--- DATA SECTION ---

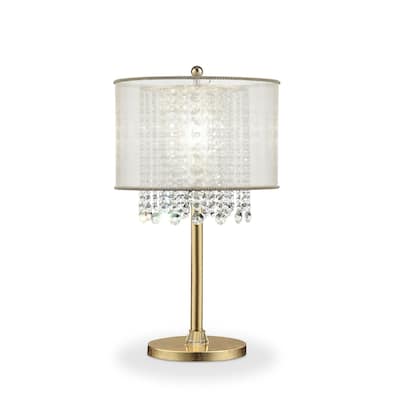Ore International Bhavya Collection Traditional Crystal Table Lamp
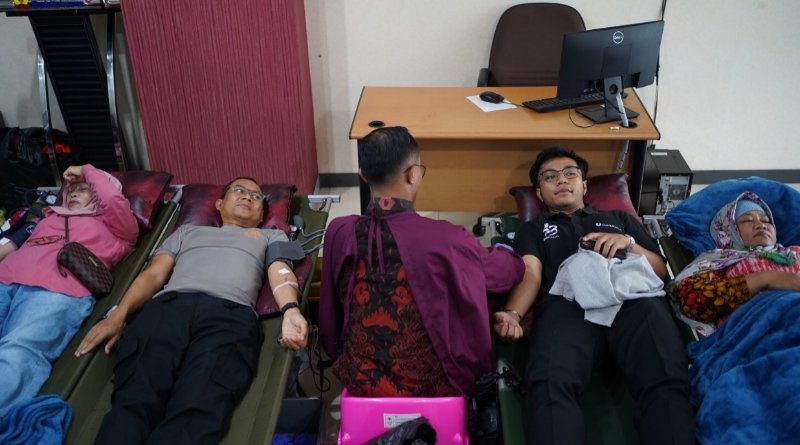 Energi Kebaikan 45 Tahun PTBA Sukseskan Aksi Donor Darah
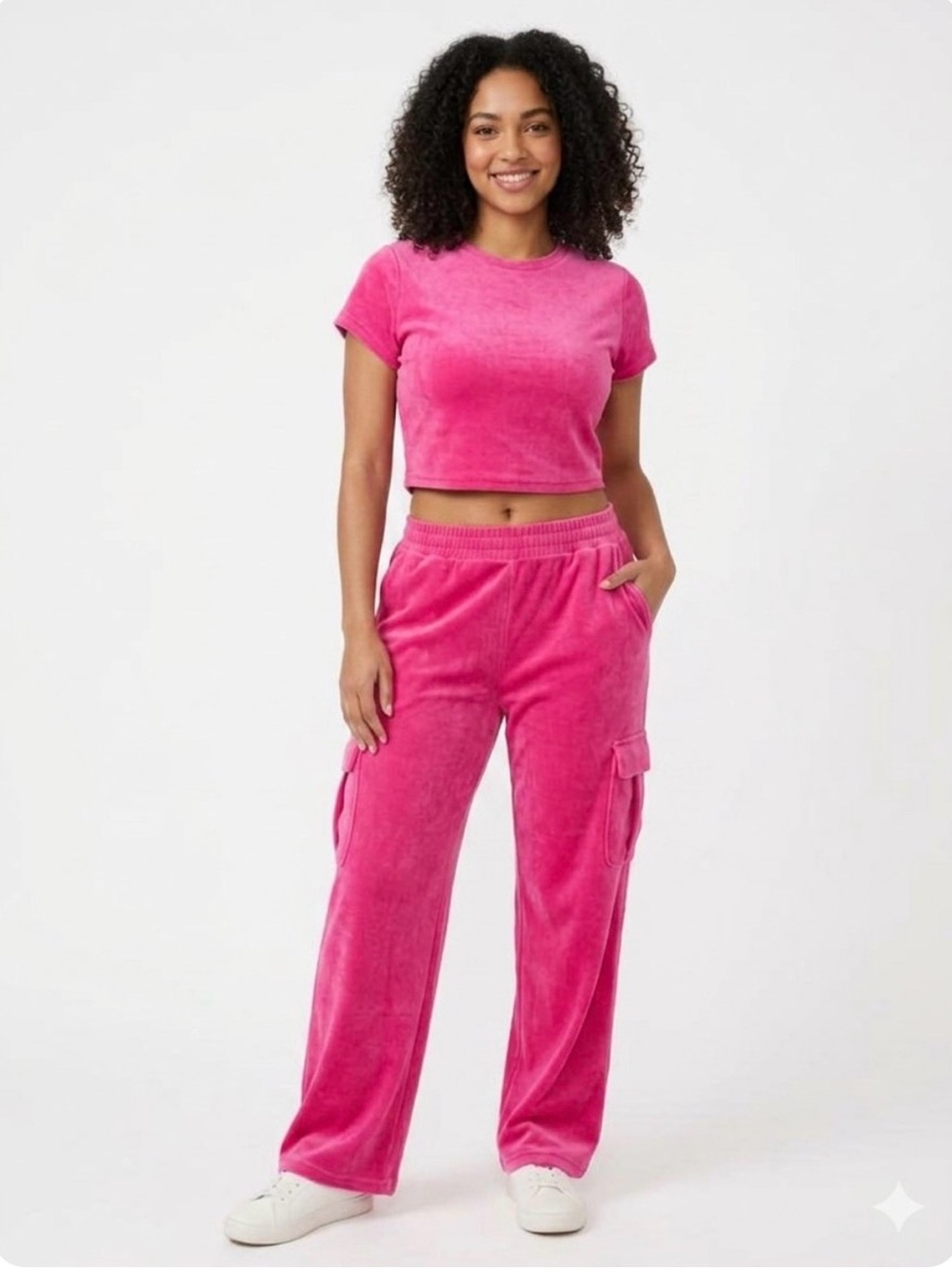NWT Good American Pink Terry Set...Top 2X...Bottom 3X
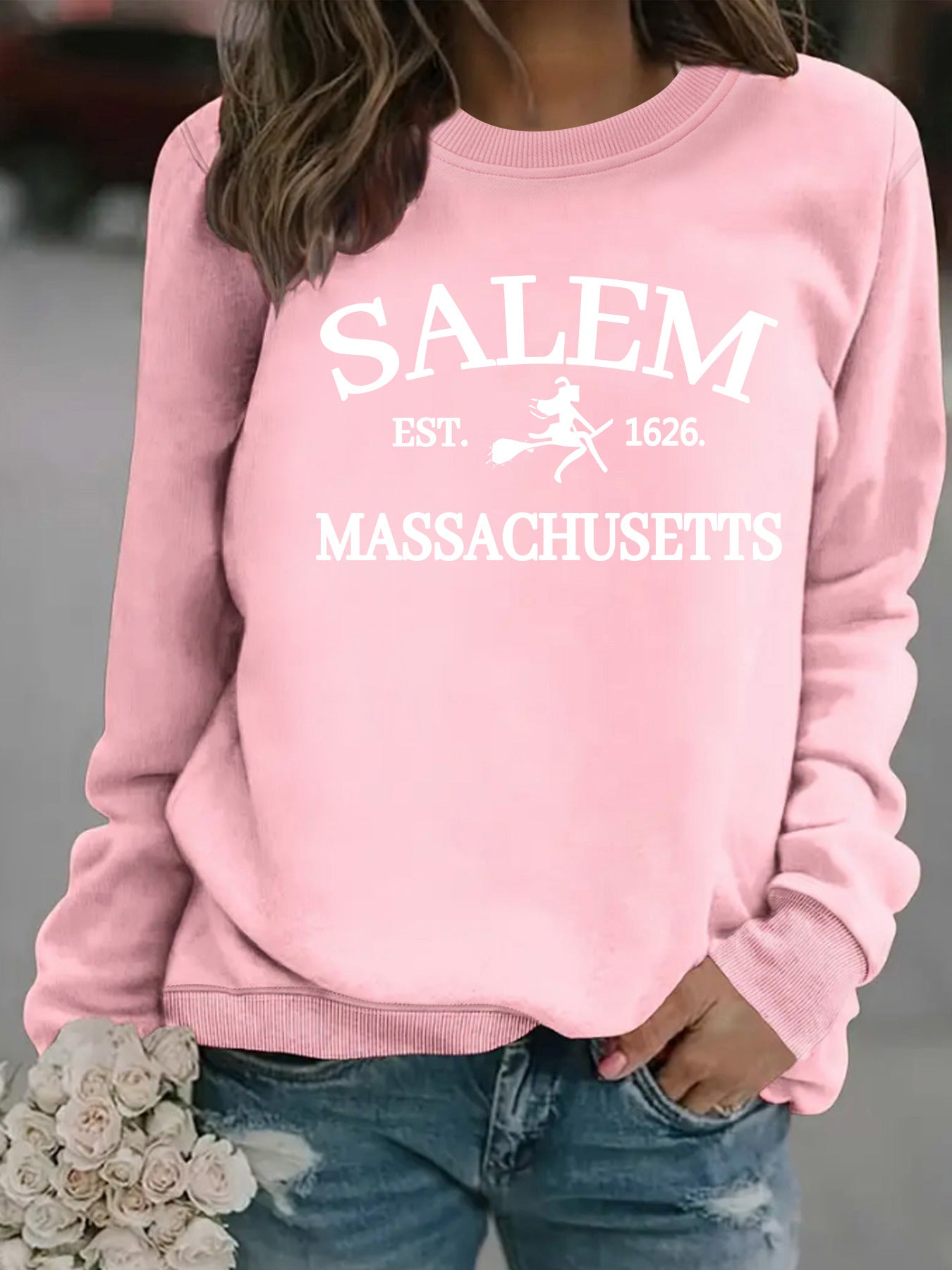 🧙‍♀️ Witch Print Loose Hoodie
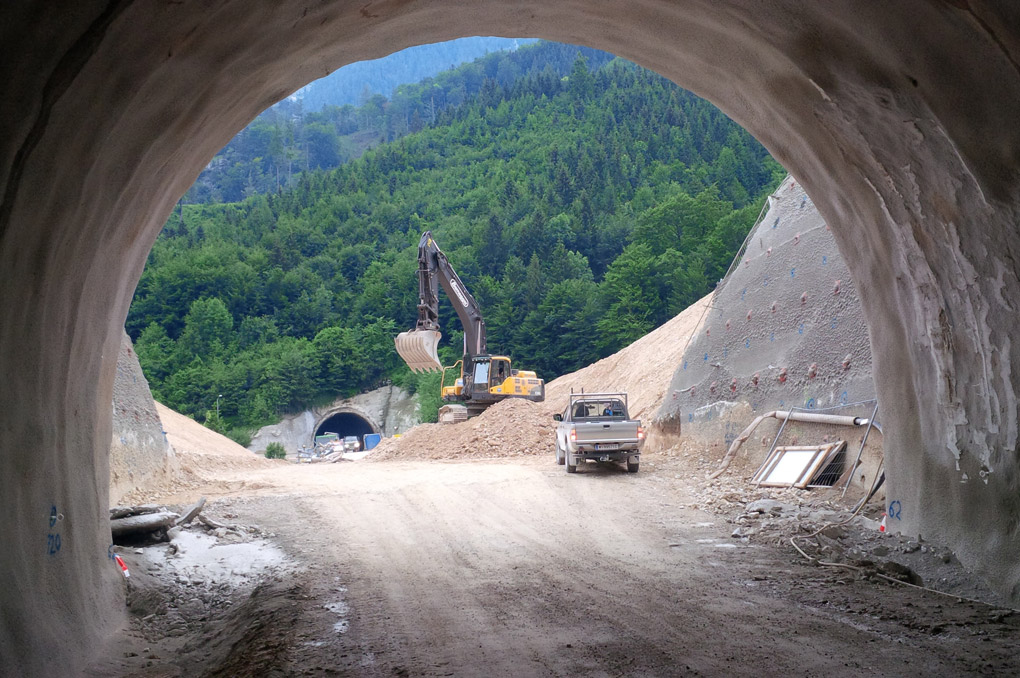 Tunnelkette Klaus, 2. Röhren, Baulose 4 + 5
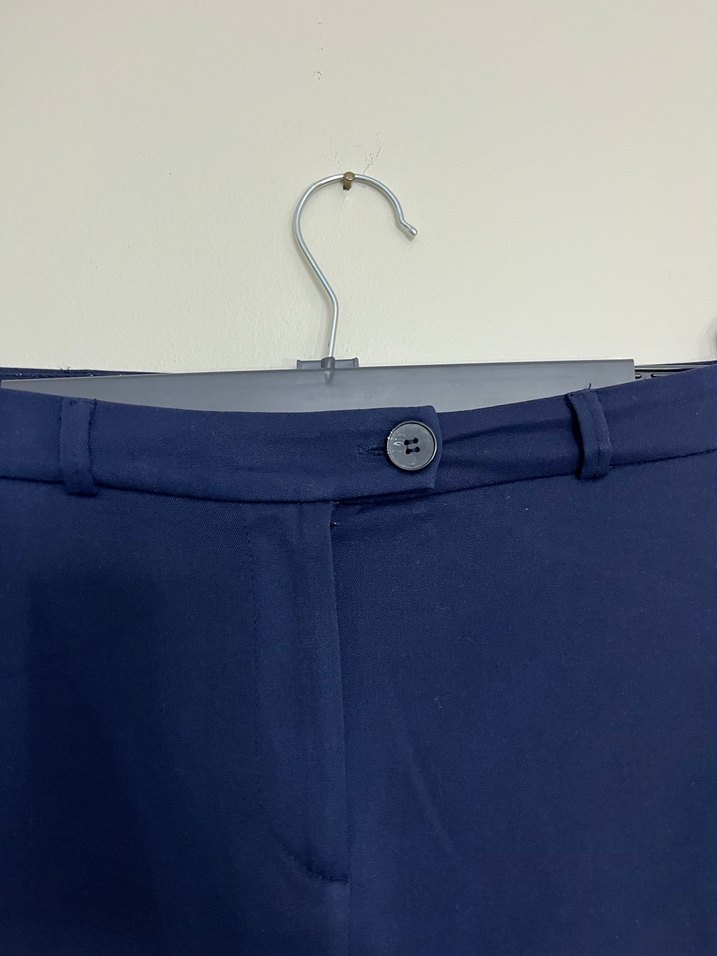 Lacivert Kumaş Pantalon - Görsel 4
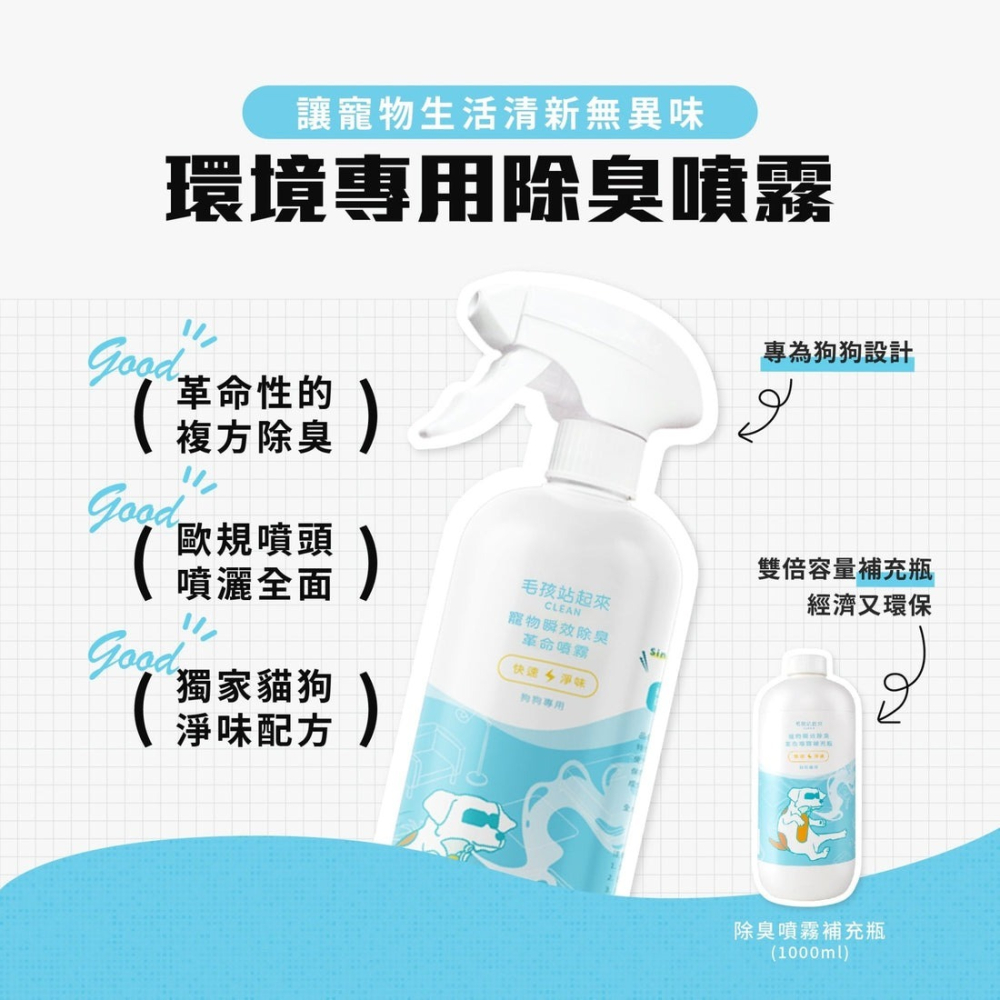 【會員優惠】毛孩站起來🔥瞬效除臭噴霧｜無毒無害🔸抑菌除臭🔸柿子萃取🔸獨家淨味📢譽的生活美食舖 📌26/03-細節圖3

---

• WHAT IS BEING ASKED:
Take the line with "NWT Good American" and every line after it through the end of the data, and write only them out exactly, leaving out the pictures.

• RESULT BELOW:
NWT Good American Pink Terry Set...Top 2X...Bottom 3X
 🧙‍♀️ Witch Print Loose Hoodie
 Tunnelkette Klaus, 2. Röhren, Baulose 4 + 5
 Lacivert Kumaş Pantalon - Görsel 4
 【會員優惠】毛孩站起來🔥瞬效除臭噴霧｜無毒無害🔸抑菌除臭🔸柿子萃取🔸獨家淨味📢譽的生活美食舖 📌26/03-細節圖3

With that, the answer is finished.